A novel feature of our data set is that it contains pre-listing information, which

allows us to compare companies’ pre- and post-listing performance.6 Another feature

of the data set is that it is free of survival bias that may cause problems in studying

listing effects on company performance. No firm in our data set ceased operations or

was de-listed after going public. Although China’s bankruptcy law was passed in

1986, listed companies can usually count on the government or state-owned banks to

bail them out of financial difficulties and hence avoid bankruptcy. Also no publicly

listed firms returned to private ownership in our sample period. Only in 2001 did we

observe the first incidence of de-listing.

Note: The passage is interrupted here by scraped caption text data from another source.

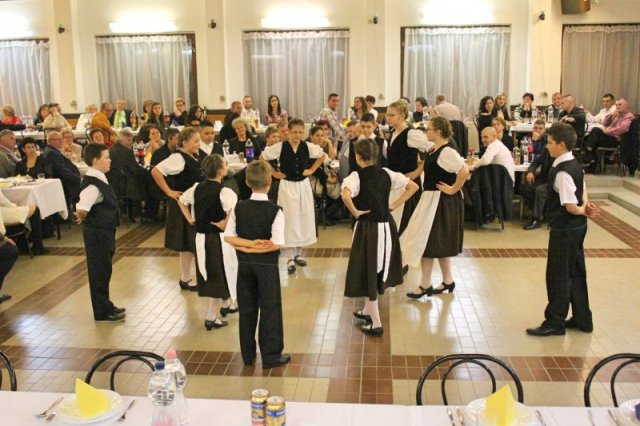 XII. Sváb disznótoros est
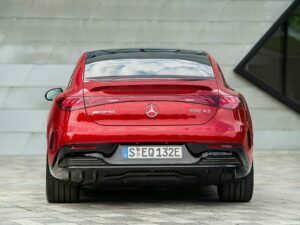 Mercedes AMG EQE 43 2023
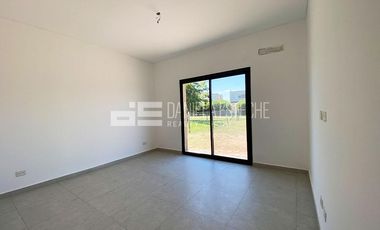Casa en Santa Elena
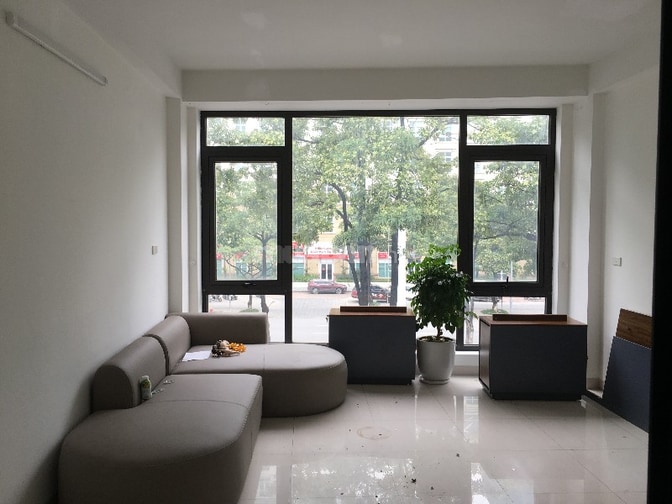 Cho thuê cả nhà hoặc lẻ từng tầng DT 55m2 x 4 tầng mặt đường Mễ Trì 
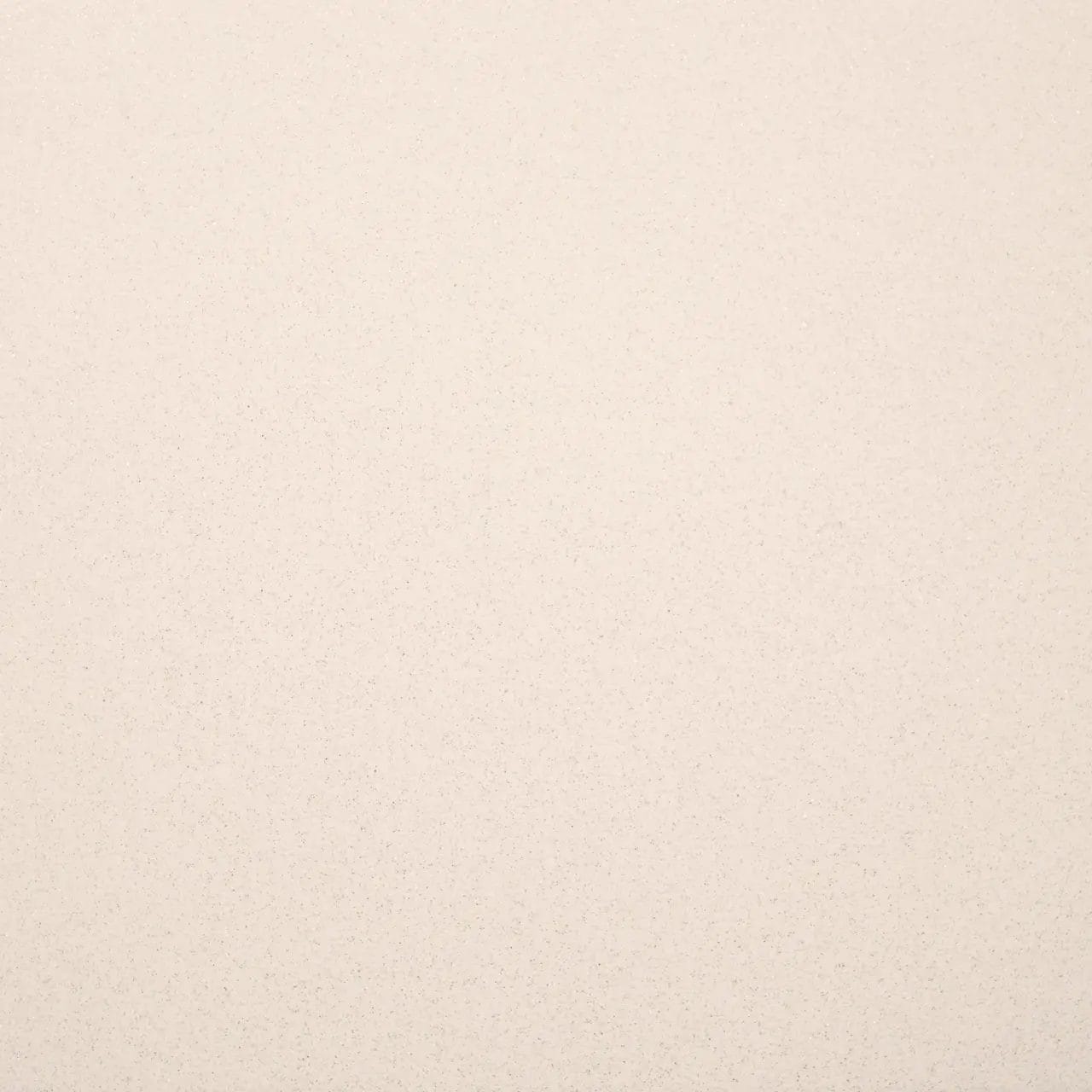 διαθέτει μια εκλεπτυσμένη περλέ λευκή βάση, με διακριτικές αποχρώσεις ροζ, χρυσαφί που εμφανίζονται ανάλογα με τη γωνία του φωτός.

In our regression analyses, we follow the existing literature in choosing our

dependent and explanatory variables. This allows us to highlight the similarities as

well as differences in the effects of public listing in China in comparison with

countries that have been previously examined in the literature. Definitions of variables

are listed in Table 2.

6 IPO firms are required by law to provide three years of audited accounting data prior to listing.

However, since the CSRC was established in 1992, two years after the first stock exchange was

established, and major disclosure rules were only issued in 1993 but were not immediately strictly

enforced, the disclosure standard was not consistent during the first half of 1990s. As a result, about

20% of firms in our sample did not produce complete three-year pre-listing data.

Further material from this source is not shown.